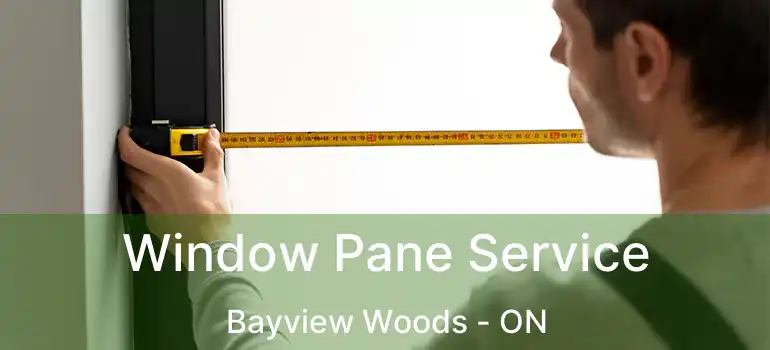  Window Pane Service Bayview Woods - ON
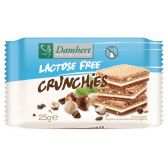 Damhert Nutrition Lactosevrije crunchies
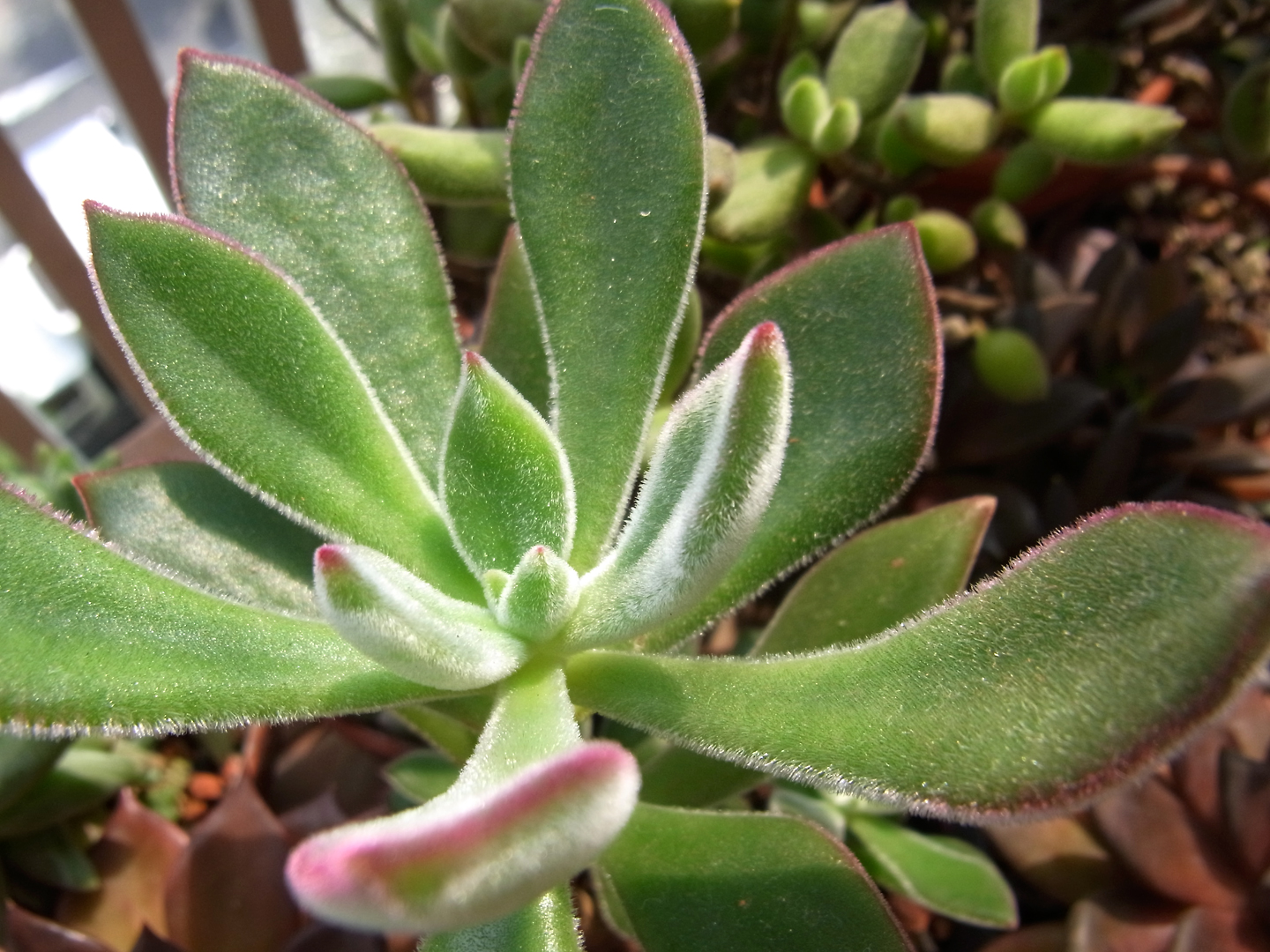 Echeveria harmsii (Plush Plant): Profile & Care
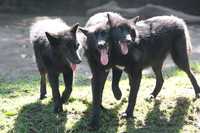 Las ganadoras del concurso Apadrina un lobo canadiense, convocado por el CNF, el zoológico de Chapultepec y Telcel, fueron dos niñas y una joven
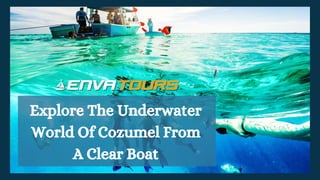 Explore The Underwater
World Of Cozumel From
A Clear Boat
 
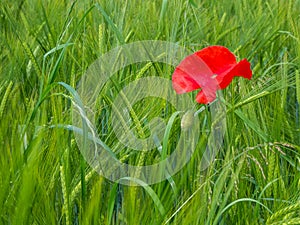 Red poppy on the wheat field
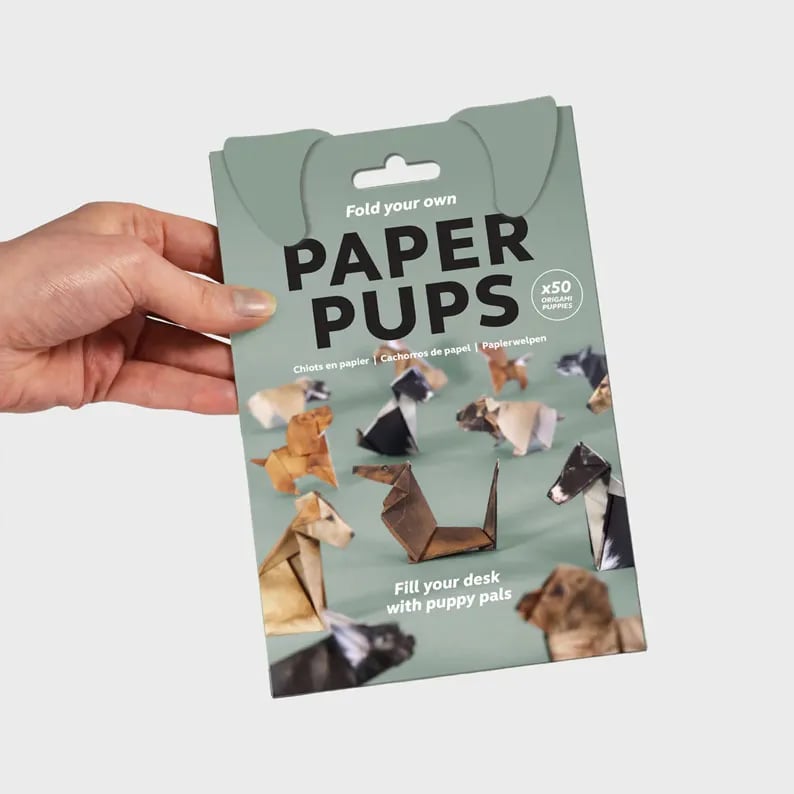 50 Stück DIY-Bastelset für Papierkatzen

************

### EXERCISE REQUIREMENTS
Each line from the one containing "Echeveria harmsii (Plush" through the last line of the entries above is to be extracted exactly. Pictures are not part of the copy.

### RESULT FOR THIS EXERCISE
 Echeveria harmsii (Plush Plant): Profile & Care
 Las ganadoras del concurso Apadrina un lobo canadiense, convocado por el CNF, el zoológico de Chapultepec y Telcel, fueron dos niñas y una joven
 Explore The Underwater
World Of Cozumel From
A Clear Boat
 
 Red poppy on the wheat field
 50 Stück DIY-Bastelset für Papierkatzen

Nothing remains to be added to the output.